Exercise: Without any of the pictures, print every record below exactly.

Given entries:

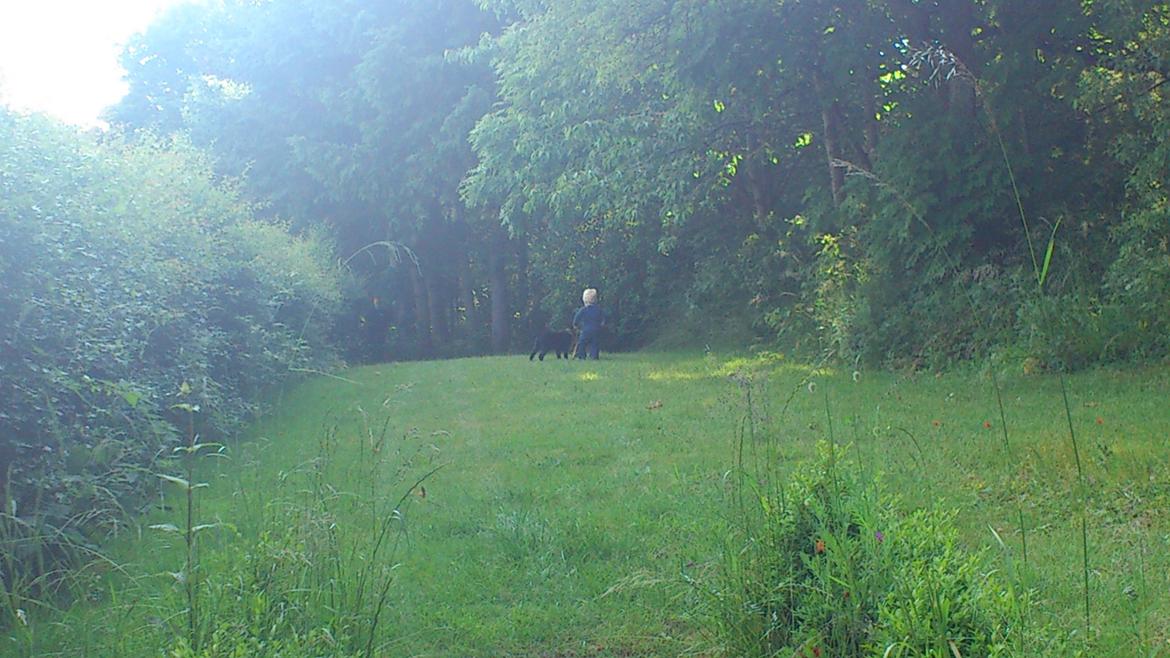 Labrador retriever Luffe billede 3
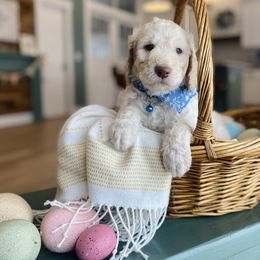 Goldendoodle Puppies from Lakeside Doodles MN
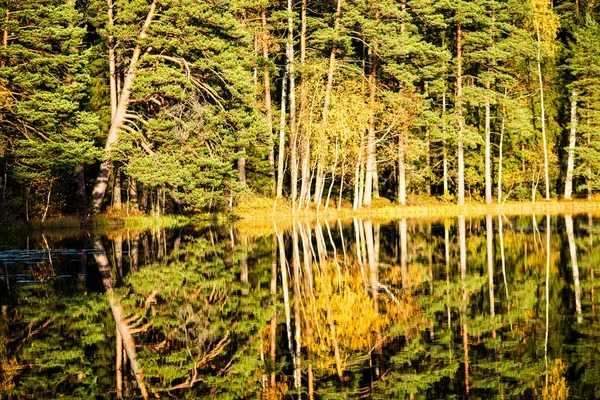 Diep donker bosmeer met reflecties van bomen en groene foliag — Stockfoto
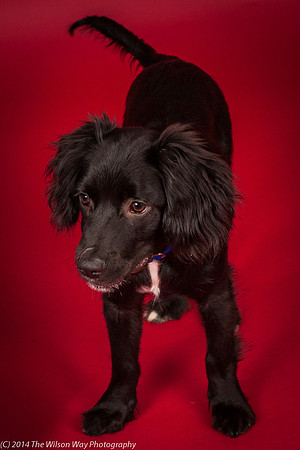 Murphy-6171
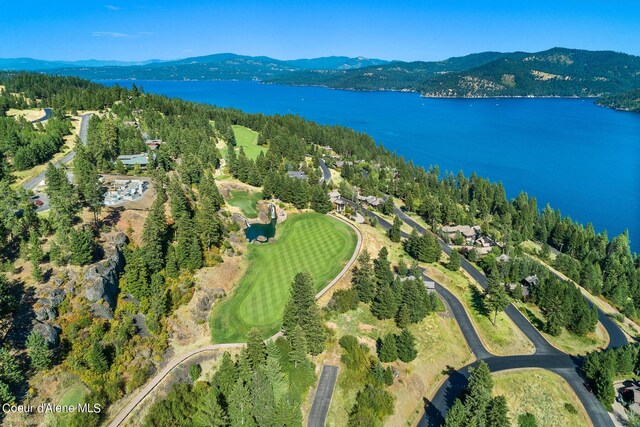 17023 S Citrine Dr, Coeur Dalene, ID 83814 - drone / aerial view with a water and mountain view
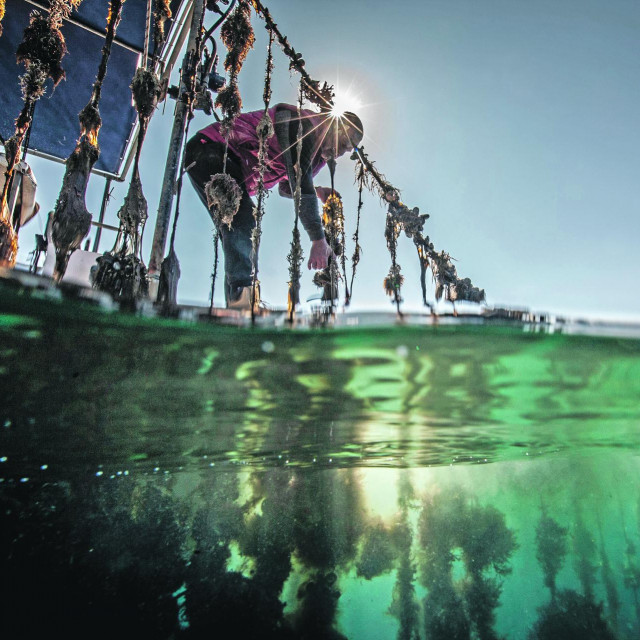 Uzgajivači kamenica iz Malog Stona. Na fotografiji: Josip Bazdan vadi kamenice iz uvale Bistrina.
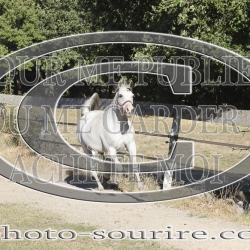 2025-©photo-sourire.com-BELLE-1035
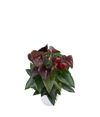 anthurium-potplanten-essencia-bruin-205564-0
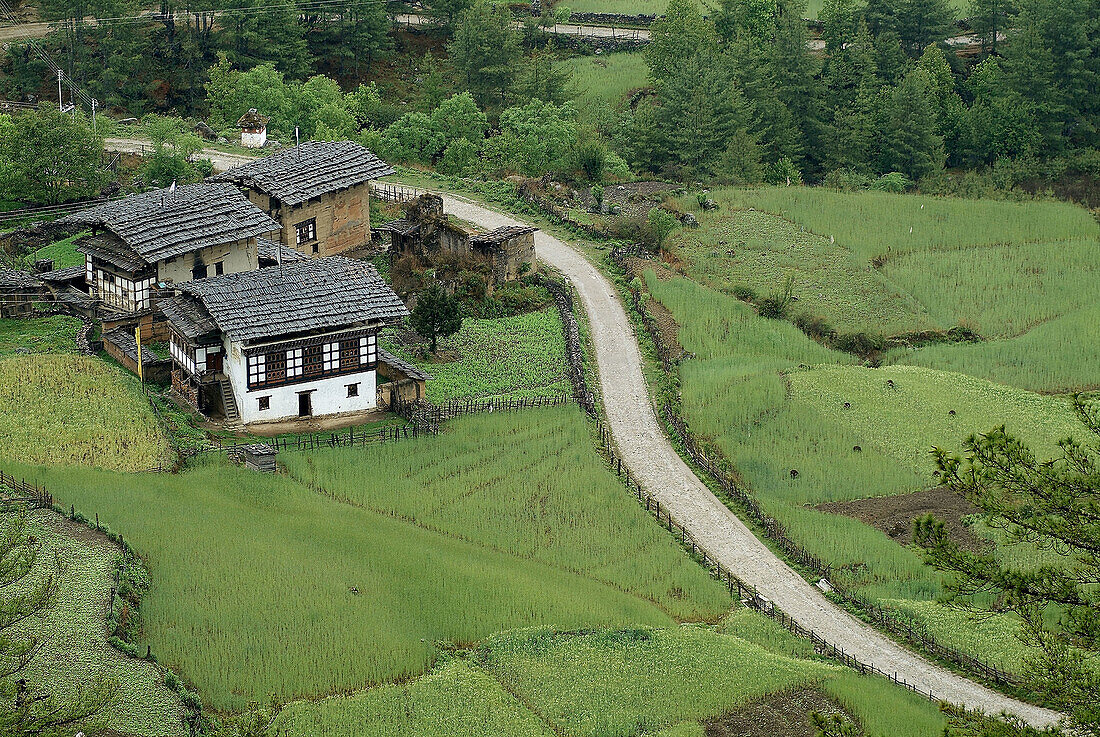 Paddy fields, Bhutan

Written answer:
 Labrador retriever Luffe billede 3
 Goldendoodle Puppies from Lakeside Doodles MN
 Diep donker bosmeer met reflecties van bomen en groene foliag — Stockfoto
 Murphy-6171
 17023 S Citrine Dr, Coeur Dalene, ID 83814 - drone / aerial view with a water and mountain view
 Uzgajivači kamenica iz Malog Stona. Na fotografiji: Josip Bazdan vadi kamenice iz uvale Bistrina.
 2025-©photo-sourire.com-BELLE-1035
 anthurium-potplanten-essencia-bruin-205564-0
 Paddy fields, Bhutan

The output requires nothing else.